Noel launched her initial study in 2010, with funding from the National Institutes of Health. It was designed to examine men’s decisions under varying levels of intoxication. In collaboration with fellow psychology professors Lee Jackson and Richard Ogle, Noel enlisted more than 300 men, ages 21-30, to fill out questionnaires to determine each man’s threshold—or acceptance level—for interpersonal violence.
Then, in a double-blind experiment, she provided the same men with either vodka tonics or an identical-tasting placebo. She showed them various simulations of men and women interacting on a first date and asked them to respond to a second questionnaire. Finally, she measured participants’ blood alcohol content.

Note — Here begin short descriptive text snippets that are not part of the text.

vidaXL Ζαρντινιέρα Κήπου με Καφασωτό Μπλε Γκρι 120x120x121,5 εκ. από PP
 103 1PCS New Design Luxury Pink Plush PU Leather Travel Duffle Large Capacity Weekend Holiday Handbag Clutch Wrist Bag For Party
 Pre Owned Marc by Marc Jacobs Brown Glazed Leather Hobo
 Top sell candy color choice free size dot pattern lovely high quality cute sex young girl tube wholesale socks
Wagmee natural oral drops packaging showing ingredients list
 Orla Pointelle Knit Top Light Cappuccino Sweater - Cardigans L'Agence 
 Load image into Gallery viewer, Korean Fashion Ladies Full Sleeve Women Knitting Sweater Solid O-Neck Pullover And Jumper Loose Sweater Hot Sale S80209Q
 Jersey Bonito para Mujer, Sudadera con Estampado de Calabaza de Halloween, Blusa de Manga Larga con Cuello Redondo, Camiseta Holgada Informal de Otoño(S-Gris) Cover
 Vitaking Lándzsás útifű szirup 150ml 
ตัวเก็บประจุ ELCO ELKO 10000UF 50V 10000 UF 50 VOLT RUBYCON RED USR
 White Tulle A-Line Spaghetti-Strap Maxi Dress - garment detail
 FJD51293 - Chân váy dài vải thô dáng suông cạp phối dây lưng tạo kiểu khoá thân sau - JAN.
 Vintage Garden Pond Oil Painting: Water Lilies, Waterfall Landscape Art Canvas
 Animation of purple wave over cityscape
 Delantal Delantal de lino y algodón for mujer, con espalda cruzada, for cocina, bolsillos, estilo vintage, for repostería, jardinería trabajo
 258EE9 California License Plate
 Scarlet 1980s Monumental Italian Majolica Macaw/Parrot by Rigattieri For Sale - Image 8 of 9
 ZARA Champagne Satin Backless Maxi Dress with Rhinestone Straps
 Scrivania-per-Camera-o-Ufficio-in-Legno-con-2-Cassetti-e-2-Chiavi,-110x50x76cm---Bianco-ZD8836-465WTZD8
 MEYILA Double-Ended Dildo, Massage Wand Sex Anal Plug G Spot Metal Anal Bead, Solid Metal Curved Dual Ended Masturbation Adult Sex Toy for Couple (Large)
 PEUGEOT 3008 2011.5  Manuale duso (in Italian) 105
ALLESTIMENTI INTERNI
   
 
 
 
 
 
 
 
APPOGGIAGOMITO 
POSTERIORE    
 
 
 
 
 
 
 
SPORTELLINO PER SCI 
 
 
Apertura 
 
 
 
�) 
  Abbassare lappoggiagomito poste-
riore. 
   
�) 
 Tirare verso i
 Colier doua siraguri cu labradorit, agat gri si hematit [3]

What the researchers found was that under higher levels of intoxication, men who indicated more acceptance for interpersonal violence were more likely to endorse coercive behavior. While not every one of these men became more sexually coercive when he drank, some did become less inhibited under the influence of alcohol. These are the men, Noel believes, who are more likely to behave coercively.
“The other side of the coin is women, and the decisions women make about drinking,” Noel observed. Historically, that’s a controversial coin toss. Traditional guidance cautions women to simply not drink—but such advice is impractical, Noel asserted, and can lead to a criticizing- or blaming-the-victim scenario.
“Shouldn’t women be able to drink” without threat to their wellbeing, Noel asked. “Well, sure. Women should be able to drink, and men should be able to drink. All that is true. The problem, unfortunately, is things are happening while that’s going on. If we can understand this better, we can also develop some ways to prevent the aggressiveness and the violence and the coercion that happens.”
A second study funded by a UNCW Charles L. Cahill Award presented women with theoretical scenarios and then asked them to make decisions about whether or not they would choose to have a drink. Along the way, Noel and her colleague Karen Daniels administered tests to measure attention, impulsivity and working memory.
Ultimately, Noel and colleagues hope to determine how young people might drink more responsibly. “Surprisingly, there’s not a lot of research on that,” Noel explained, a reality she intends to change. “Especially not in this context, and especially for women.”